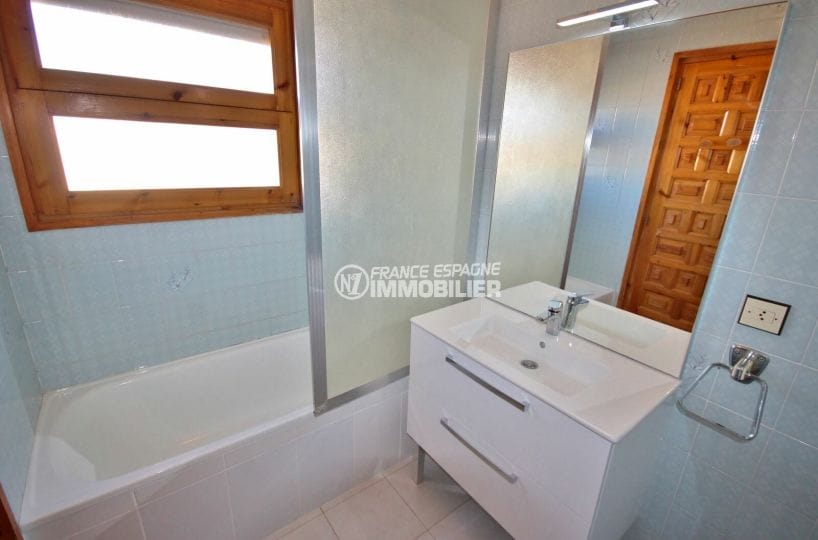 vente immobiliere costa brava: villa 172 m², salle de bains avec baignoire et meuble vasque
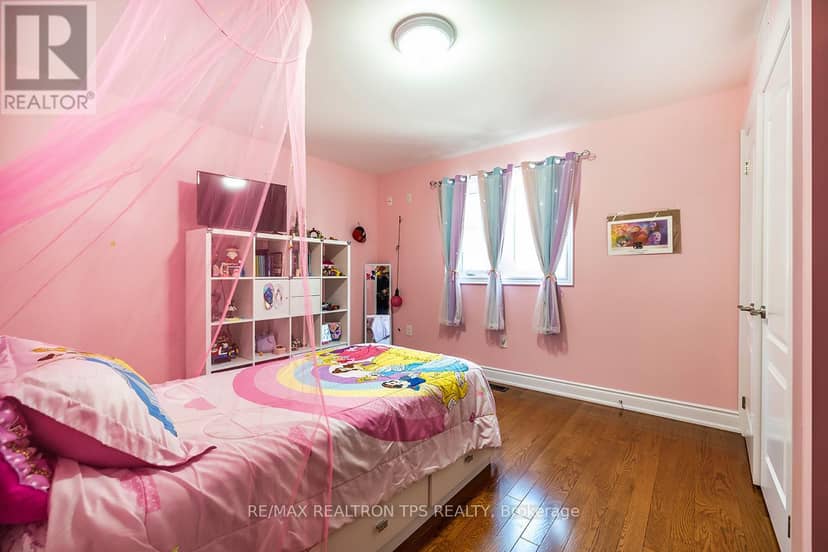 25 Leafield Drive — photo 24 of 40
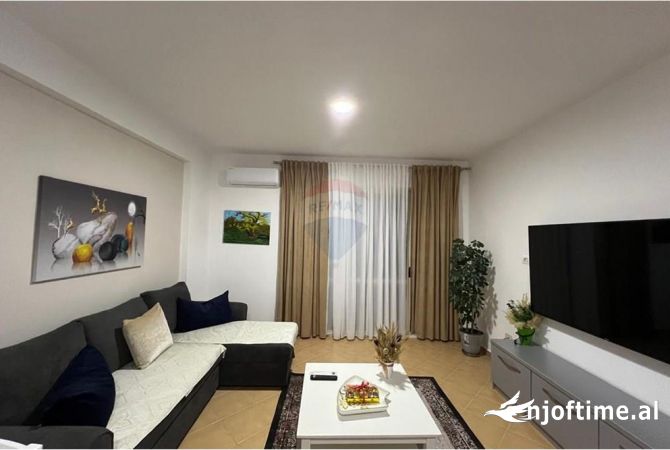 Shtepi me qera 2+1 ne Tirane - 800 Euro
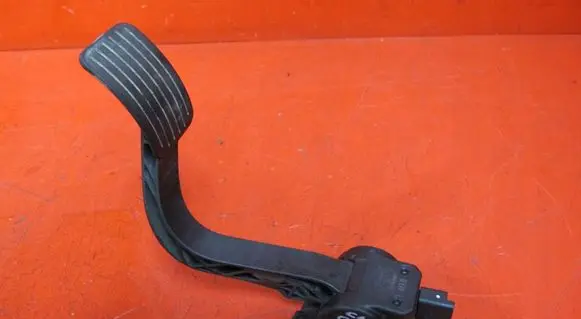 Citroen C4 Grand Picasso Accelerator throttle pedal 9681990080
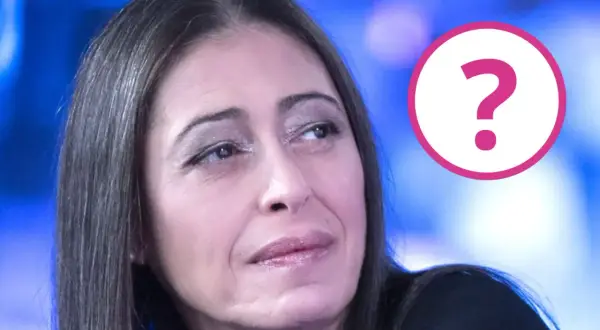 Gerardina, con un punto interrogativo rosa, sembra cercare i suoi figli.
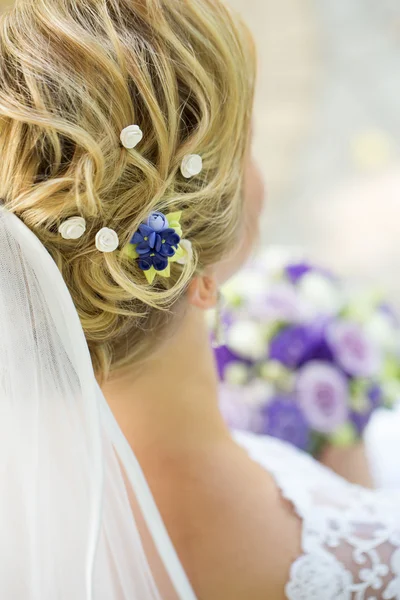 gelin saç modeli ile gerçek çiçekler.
===============
**WHAT IS NEEDED:** Print every entry above verbatim but drop the images.

**TASK ANSWER:**
 vente immobiliere costa brava: villa 172 m², salle de bains avec baignoire et meuble vasque
 25 Leafield Drive — photo 24 of 40
 Shtepi me qera 2+1 ne Tirane - 800 Euro
 Citroen C4 Grand Picasso Accelerator throttle pedal 9681990080
 Gerardina, con un punto interrogativo rosa, sembra cercare i suoi figli.
 gelin saç modeli ile gerçek çiçekler.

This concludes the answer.